Colorado State Capitol and grounds. Photo by Colorado Public Radio

Colorado already has “red flag” laws, but one of the proposed bills, SB23-170 would strengthen the state’s extreme risk protection order (ERPO), also called “red flag” laws, which were first adopted in 2019. The update would allow district attorneys, educators, and health care professionals, especially mental health providers, to be added to those allowed to seek a red flag order from courts.

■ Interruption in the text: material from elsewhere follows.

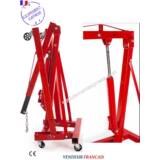 Chèvre d&#039;atelier grue de levage 2T + Palonnier Equilibreur de Charge 907kg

“Our Red Flag law has already saved lives in Colorado, but we can strengthen it so that it can be even more effective,” said Sullivan. “These common-sense updates will expand and improve our Red Flag law and create more opportunities for qualified individuals to assess the danger and act appropriately to prevent further violence and ultimately save more lives.”

Under the current law, which was extremely contentious when it was passed, only law enforcement or a family member can seek the order to remove firearms from a person who is considered a danger to themselves or to others. While many law enforcement officials and conservatives were publically against the law prior to passage, state statistics have shown that it has been used — and it works. But it isn’t being used widely across the state. An analysis by Colorado Public Radio in early 2023 revealed that 40 out of 64 counties have never seen an ERPO petition.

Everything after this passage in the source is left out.